EXERCISE MATERIALS Block Start
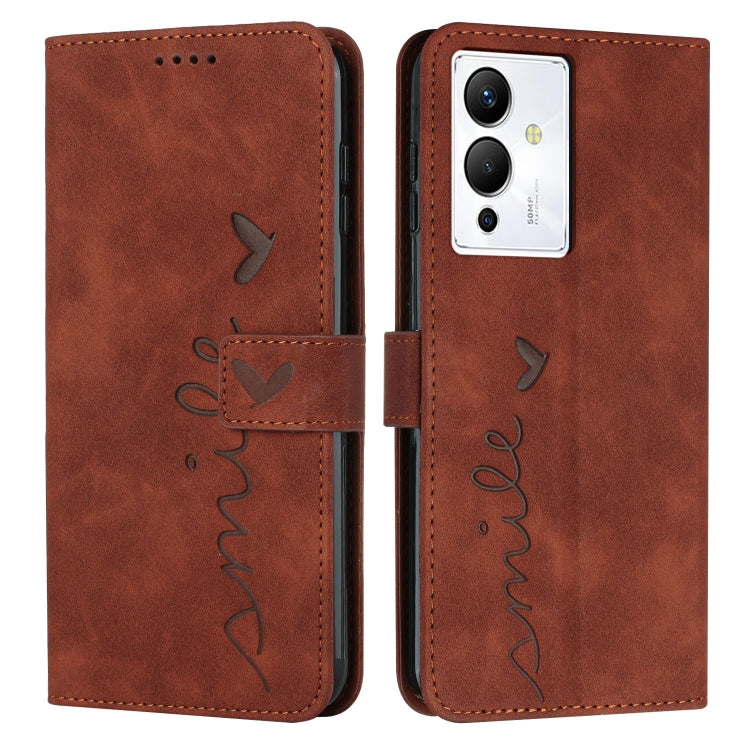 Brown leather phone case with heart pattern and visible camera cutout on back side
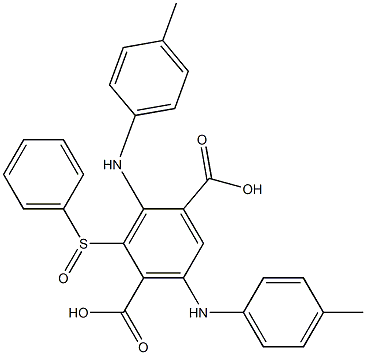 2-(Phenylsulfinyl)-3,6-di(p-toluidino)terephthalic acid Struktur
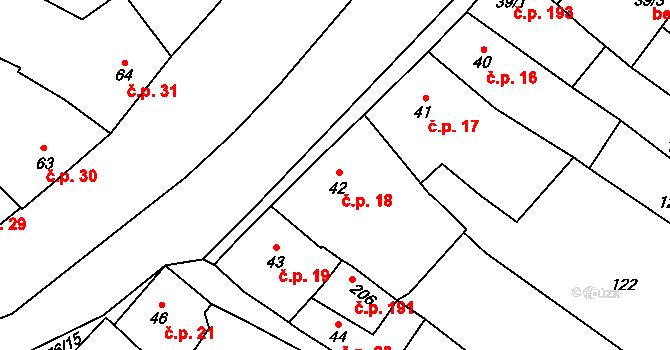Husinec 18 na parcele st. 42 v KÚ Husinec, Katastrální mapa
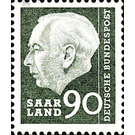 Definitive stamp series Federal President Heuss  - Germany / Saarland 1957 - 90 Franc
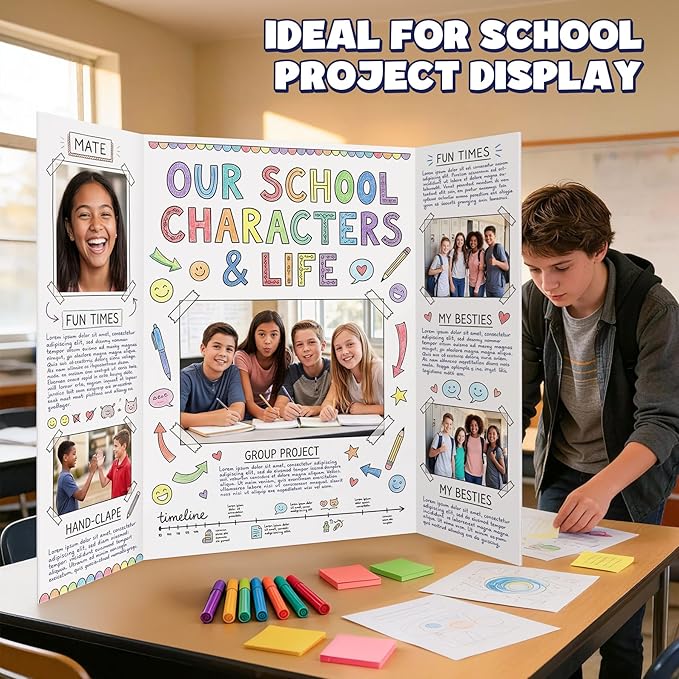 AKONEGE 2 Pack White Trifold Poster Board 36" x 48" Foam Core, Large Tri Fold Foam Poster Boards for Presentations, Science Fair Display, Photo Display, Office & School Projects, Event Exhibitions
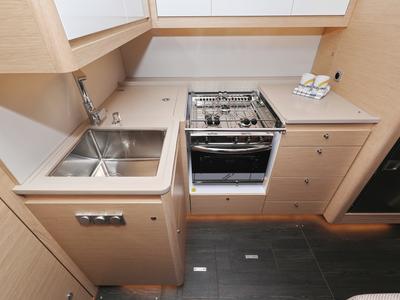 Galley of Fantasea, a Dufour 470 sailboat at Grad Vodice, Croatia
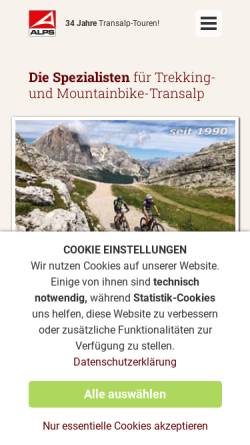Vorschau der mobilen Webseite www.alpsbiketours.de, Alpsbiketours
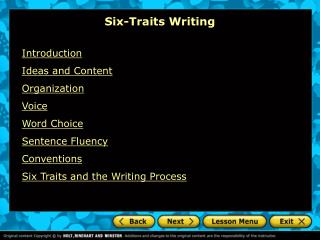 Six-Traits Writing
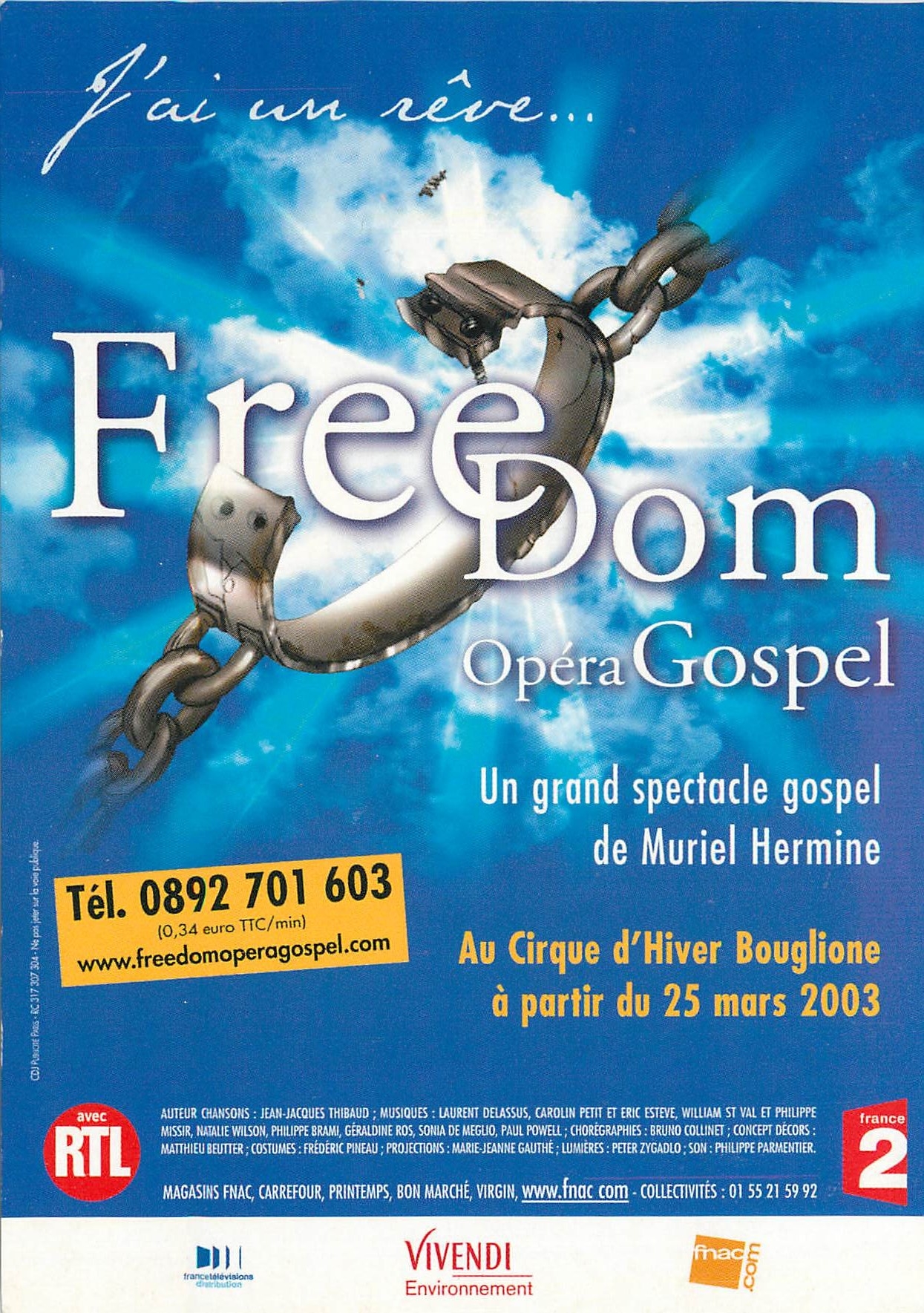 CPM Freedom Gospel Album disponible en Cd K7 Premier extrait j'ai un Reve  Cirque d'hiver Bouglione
EXERCISE MATERIALS Block End
YOUR OBJECTIVE: The required answer is the material repeated exactly, with no images in it.

TASK RESULT:
 Brown leather phone case with heart pattern and visible camera cutout on back side
 2-(Phenylsulfinyl)-3,6-di(p-toluidino)terephthalic acid Struktur
Husinec 18 na parcele st. 42 v KÚ Husinec, Katastrální mapa
 Definitive stamp series Federal President Heuss  - Germany / Saarland 1957 - 90 Franc
 AKONEGE 2 Pack White Trifold Poster Board 36" x 48" Foam Core, Large Tri Fold Foam Poster Boards for Presentations, Science Fair Display, Photo Display, Office & School Projects, Event Exhibitions
 Galley of Fantasea, a Dufour 470 sailboat at Grad Vodice, Croatia
Vorschau der mobilen Webseite www.alpsbiketours.de, Alpsbiketours
 Six-Traits Writing
 CPM Freedom Gospel Album disponible en Cd K7 Premier extrait j'ai un Reve  Cirque d'hiver Bouglione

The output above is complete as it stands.